__Exercise data__.

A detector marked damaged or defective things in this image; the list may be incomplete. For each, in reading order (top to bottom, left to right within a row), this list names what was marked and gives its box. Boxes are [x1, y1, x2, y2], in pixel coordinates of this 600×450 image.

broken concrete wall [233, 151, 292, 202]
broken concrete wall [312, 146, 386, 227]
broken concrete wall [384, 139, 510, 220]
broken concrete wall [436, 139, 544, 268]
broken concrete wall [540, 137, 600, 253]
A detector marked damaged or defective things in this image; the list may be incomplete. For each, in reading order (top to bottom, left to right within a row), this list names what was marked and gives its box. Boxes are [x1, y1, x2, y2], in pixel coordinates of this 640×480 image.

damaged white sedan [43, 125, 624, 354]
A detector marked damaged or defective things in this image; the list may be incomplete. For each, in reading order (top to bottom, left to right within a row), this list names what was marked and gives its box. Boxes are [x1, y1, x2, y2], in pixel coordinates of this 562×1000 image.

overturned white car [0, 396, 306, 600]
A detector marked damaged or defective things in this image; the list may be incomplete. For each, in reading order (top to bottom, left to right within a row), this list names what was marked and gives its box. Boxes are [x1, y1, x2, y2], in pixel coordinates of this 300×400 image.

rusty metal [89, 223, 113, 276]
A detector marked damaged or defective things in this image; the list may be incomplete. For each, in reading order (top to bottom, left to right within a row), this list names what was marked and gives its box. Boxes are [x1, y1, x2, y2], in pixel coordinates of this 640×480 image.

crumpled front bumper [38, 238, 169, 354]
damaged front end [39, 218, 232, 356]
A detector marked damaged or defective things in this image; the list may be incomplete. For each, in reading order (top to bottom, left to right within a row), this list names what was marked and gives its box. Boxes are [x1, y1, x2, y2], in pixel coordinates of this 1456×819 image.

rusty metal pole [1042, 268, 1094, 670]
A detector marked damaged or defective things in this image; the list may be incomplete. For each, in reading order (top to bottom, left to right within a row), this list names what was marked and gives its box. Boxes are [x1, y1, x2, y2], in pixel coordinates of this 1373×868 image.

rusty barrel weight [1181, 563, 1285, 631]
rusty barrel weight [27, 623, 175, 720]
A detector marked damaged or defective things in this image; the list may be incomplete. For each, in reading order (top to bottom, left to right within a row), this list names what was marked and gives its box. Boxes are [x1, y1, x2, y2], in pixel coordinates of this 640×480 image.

__Exercise details__. Find "this 1373×868 image." in the records above. Repeat its line and every later line exactly, through the last one.

__Exercise answer__.
A detector marked damaged or defective things in this image; the list may be incomplete. For each, in reading order (top to bottom, left to right within a row), this list names what was marked and gives its box. Boxes are [x1, y1, x2, y2], in pixel coordinates of this 1373×868 image.

rusty barrel weight [1181, 563, 1285, 631]
rusty barrel weight [27, 623, 175, 720]
A detector marked damaged or defective things in this image; the list may be incomplete. For each, in reading order (top to bottom, left to right within a row), this list names what was marked and gives its box. Boxes are [x1, y1, x2, y2], in pixel coordinates of this 640×480 image.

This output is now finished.